One speculative explanation I have for the long-term action of dermorphin in the body is based on the fact that opioids modulate NMDA receptor-mediated neurotransmission:
this study indicates that morphine alters NMDA receptor-mediated neurotransmission in the nucleus accumbens, and these effects persist one week after morphine withdrawal. So morphine can create NMDA receptor effects in the brain that persist many days after the drug has left the body.
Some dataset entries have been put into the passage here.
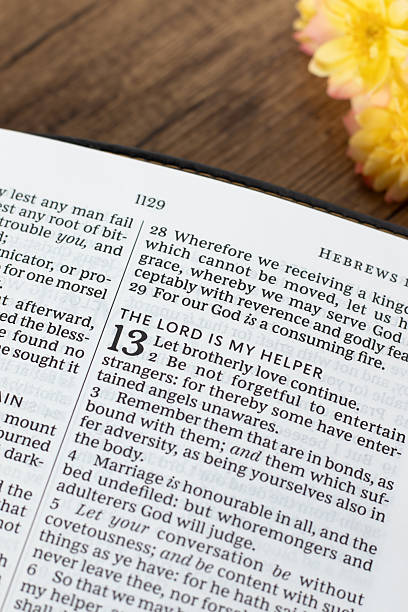 istock The LORD is my Helper text in open holy bible book 2217515262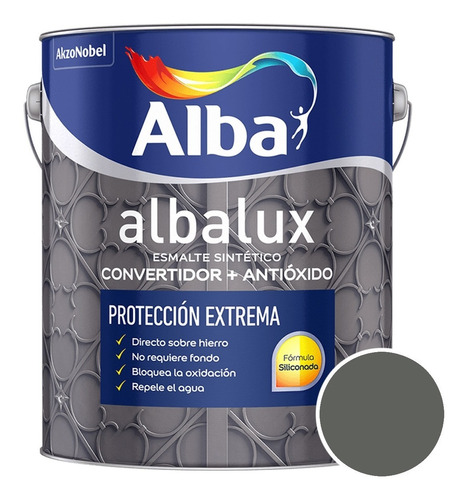 Albalux 2 En 1 Forja Hierro Antiguo Gris X 4l - Caporaso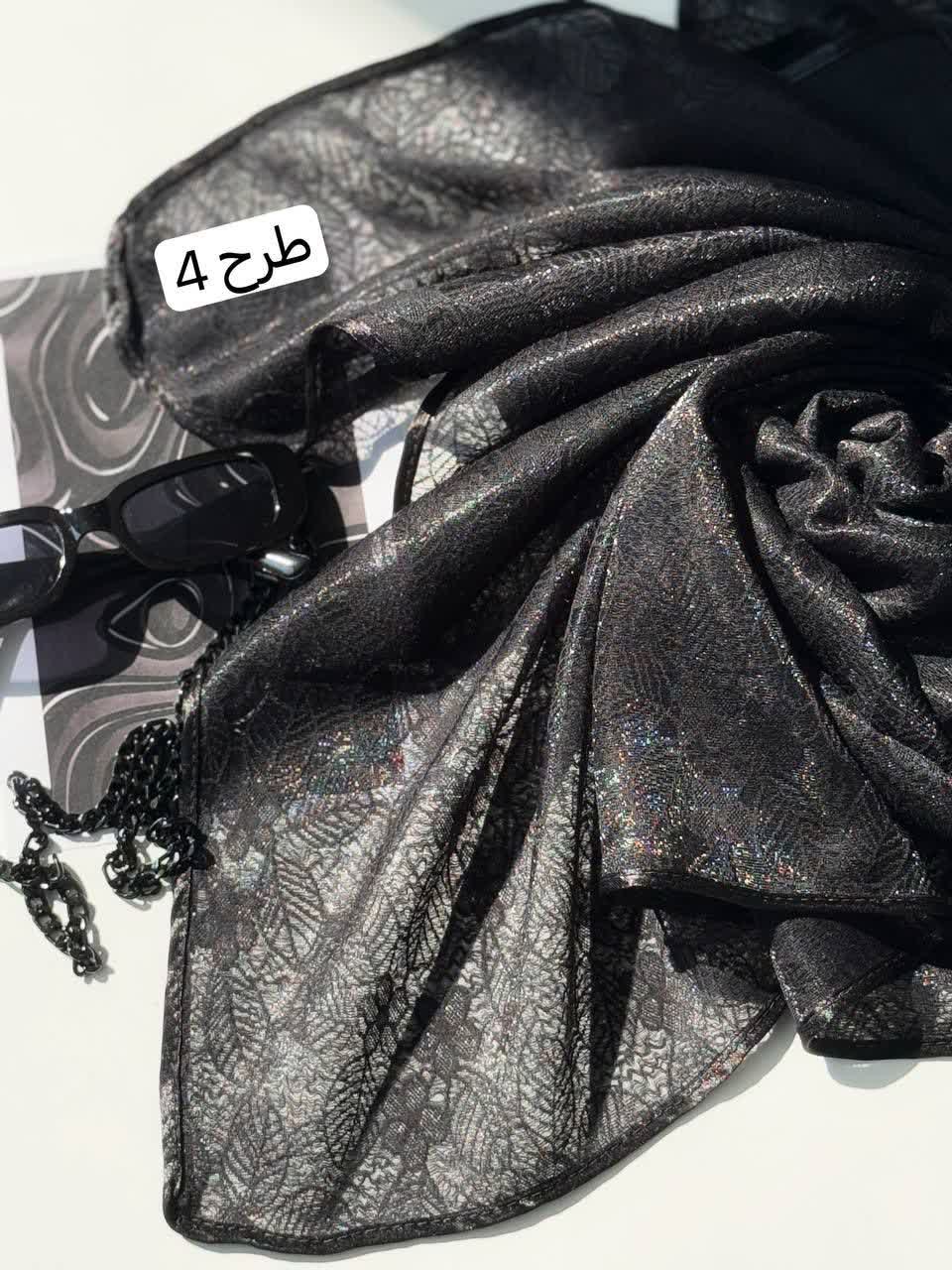 1243- مینی اسکارف مشکی ویسرود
Note that chronic NMDA receptor overstimulation is thought to play a role in chronic fatigue syndrome; thus the fact that opioids drugs exhibit NMDA receptor effects may help explain why these drugs benefit ME/CFS.
Indeed, many ME/CFS patients have observed that mu-opioid pain relieving drugs such as oxycodone and hydrocodone noticeably reduce their neurological ME/CFS symptoms (see this thread
here); so this beneficial effect is not unique to dermorphin, and this means that some of the benefits of dermorphin / kambo might conceivably be obtained by taking other opioids such as oxycodone, hydrocodone or morphine.